- _Problem details_:
Below are some records. Print exactly the lines between the one holding "Glo Ball T1" and the one holding "Player of ...", inclusive, and nothing else.

- _Input material_:
--
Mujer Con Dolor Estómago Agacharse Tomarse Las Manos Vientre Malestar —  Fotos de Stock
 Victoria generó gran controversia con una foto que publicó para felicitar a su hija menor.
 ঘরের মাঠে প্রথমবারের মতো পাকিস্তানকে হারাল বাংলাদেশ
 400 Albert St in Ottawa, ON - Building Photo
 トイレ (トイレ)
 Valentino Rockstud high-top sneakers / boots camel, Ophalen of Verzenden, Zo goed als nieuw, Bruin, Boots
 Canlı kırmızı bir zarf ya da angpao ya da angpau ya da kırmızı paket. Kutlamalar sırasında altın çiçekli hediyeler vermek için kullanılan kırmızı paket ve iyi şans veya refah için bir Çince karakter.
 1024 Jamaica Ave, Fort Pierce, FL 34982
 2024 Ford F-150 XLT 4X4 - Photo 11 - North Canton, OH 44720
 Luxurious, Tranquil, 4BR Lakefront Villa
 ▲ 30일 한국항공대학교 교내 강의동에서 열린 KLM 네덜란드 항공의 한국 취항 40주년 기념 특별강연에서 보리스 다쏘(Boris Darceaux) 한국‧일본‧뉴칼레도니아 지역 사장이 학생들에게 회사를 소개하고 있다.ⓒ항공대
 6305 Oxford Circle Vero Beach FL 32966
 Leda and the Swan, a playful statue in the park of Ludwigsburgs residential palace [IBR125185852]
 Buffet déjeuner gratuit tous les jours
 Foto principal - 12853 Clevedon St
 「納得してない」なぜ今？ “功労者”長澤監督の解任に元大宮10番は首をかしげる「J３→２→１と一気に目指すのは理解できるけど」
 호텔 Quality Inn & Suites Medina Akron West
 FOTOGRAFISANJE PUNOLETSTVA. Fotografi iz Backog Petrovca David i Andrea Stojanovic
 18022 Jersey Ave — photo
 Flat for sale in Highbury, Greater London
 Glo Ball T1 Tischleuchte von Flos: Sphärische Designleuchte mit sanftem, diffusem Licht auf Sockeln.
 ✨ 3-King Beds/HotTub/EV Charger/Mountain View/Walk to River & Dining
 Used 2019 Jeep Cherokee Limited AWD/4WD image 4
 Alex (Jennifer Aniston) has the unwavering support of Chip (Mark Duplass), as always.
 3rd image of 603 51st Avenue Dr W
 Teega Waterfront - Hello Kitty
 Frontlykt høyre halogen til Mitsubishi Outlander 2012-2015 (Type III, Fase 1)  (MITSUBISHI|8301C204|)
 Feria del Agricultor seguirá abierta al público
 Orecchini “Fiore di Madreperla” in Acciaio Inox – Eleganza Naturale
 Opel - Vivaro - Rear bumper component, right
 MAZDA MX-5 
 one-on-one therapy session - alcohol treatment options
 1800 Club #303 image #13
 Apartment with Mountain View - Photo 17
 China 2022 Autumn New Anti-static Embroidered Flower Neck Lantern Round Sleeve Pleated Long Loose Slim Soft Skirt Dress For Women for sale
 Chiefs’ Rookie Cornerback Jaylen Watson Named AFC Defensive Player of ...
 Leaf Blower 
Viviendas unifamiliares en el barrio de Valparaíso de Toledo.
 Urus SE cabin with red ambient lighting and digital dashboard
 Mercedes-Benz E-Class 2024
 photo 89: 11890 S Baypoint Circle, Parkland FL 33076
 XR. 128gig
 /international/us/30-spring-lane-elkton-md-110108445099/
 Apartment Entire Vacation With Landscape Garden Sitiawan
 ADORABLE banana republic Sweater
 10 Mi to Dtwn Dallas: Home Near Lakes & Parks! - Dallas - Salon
--
- _Response area_:
 Glo Ball T1 Tischleuchte von Flos: Sphärische Designleuchte mit sanftem, diffusem Licht auf Sockeln.
 ✨ 3-King Beds/HotTub/EV Charger/Mountain View/Walk to River & Dining
 Used 2019 Jeep Cherokee Limited AWD/4WD image 4
 Alex (Jennifer Aniston) has the unwavering support of Chip (Mark Duplass), as always.
 3rd image of 603 51st Avenue Dr W
 Teega Waterfront - Hello Kitty
 Frontlykt høyre halogen til Mitsubishi Outlander 2012-2015 (Type III, Fase 1)  (MITSUBISHI|8301C204|)
 Feria del Agricultor seguirá abierta al público
 Orecchini “Fiore di Madreperla” in Acciaio Inox – Eleganza Naturale
 Opel - Vivaro - Rear bumper component, right
 MAZDA MX-5 
 one-on-one therapy session - alcohol treatment options
 1800 Club #303 image #13
 Apartment with Mountain View - Photo 17
 China 2022 Autumn New Anti-static Embroidered Flower Neck Lantern Round Sleeve Pleated Long Loose Slim Soft Skirt Dress For Women for sale
 Chiefs’ Rookie Cornerback Jaylen Watson Named AFC Defensive Player of ...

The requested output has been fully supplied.